I'm getting a bit of backfire when I run the 10HP Tecumseh MTD, I got a new sparkplug and will install it tomorrow, but that might not be it. I did notice that my gas cap is screwed up because the little metal disk is gone (probably in the tank) and the rubber dome that sits underneath it disappeared when the cap fell off the machine last time I took it out. So maybe it's the cap which isn't venting that's causing this. I can see sparking and an orange glow in the muffler when it acts up. Not good.


----------



## nwcove (Mar 2, 2015)

sounds like a lean condition or a valve issue. try running with the choke in the first notch to see if that helps.


----------



## RedOctobyr (Mar 2, 2014)

I doubt the gas cap would cause something like this. A non-venting gas cap would eventually starve the engine for fuel, and it would die shortly thereafter. 

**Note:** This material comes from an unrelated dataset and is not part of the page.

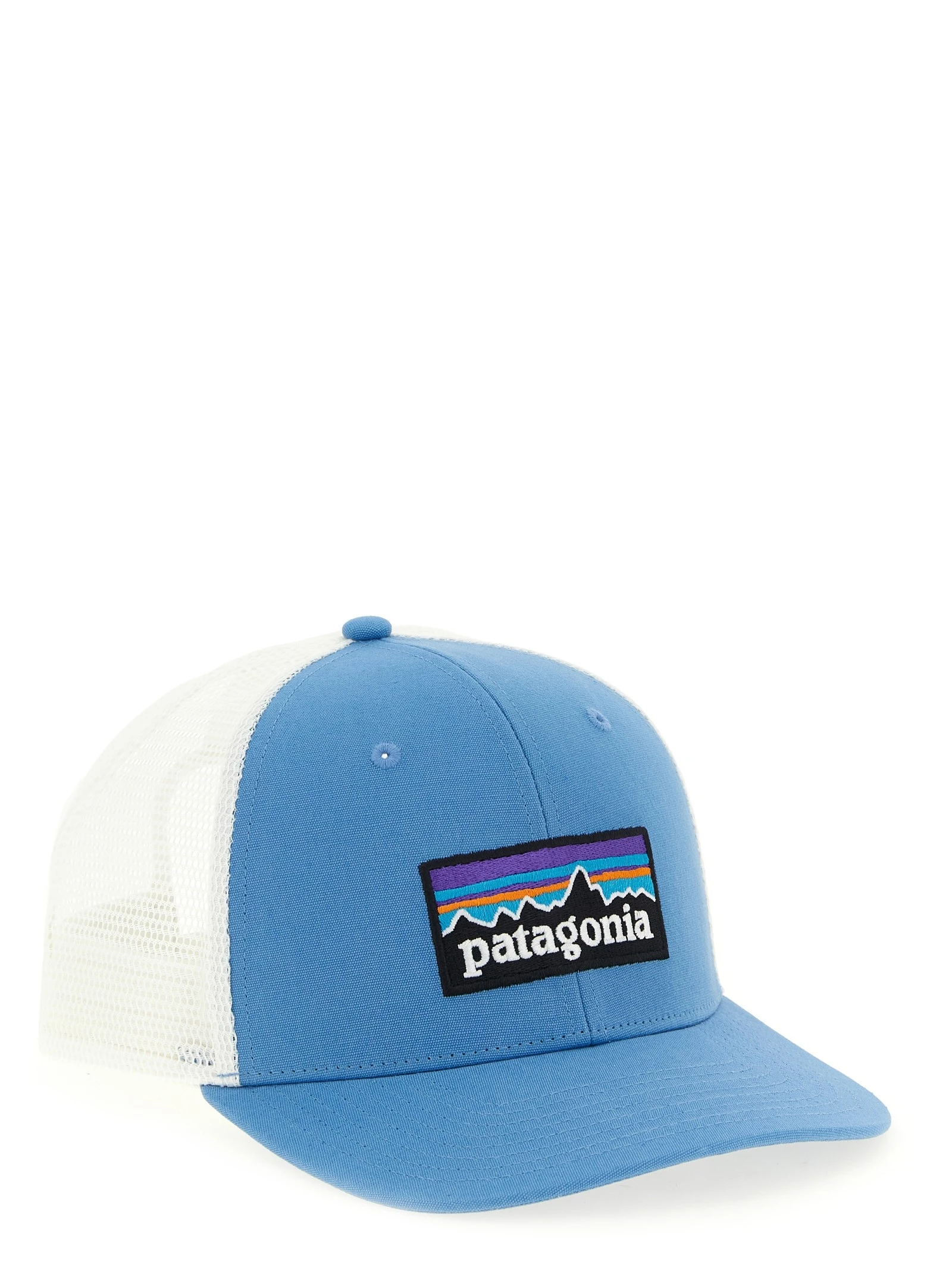'P-6 Logo Trucker' cap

A valve that's not closing fully, due to insufficient valve clearance, can cause this. Does it show up right away, or primarily after the engine is hot, maybe under a load? Checking the valve clearances would be a good idea. If it's a flathead engine, then *changing* valve clearances is more difficult. But checking them is still pretty straightforward. I had a Tecumseh flathead which eventually had a valve clearance that was too small. I had to remove the valve and grind it by a few thousandths of an inch, to fix it. If a valve isn't fully closing, that's bad for the valve and engine, it's not a great idea to keep running an engine in that condition. 

I believe some carb conditions can also contribute, but I don't want to mis-quote what aspect would do this. A lean-running carb will make the engine run too hot, and could cause a glowing muffler. But backfiring on shutdown can, I think, be from running too-rich?


----------



## Dannoman (Jan 16, 2018)

nwcove said:


> sounds like a lean condition or a valve issue. try running with the choke in the first notch to see if that helps.



Thanks for this. 

I might have the same problem this guy had...






Good old Donyboy has a solution. Clean the air mixture screw. I have a non-adjustable carb just like this so I'll try it tomorrow.


----------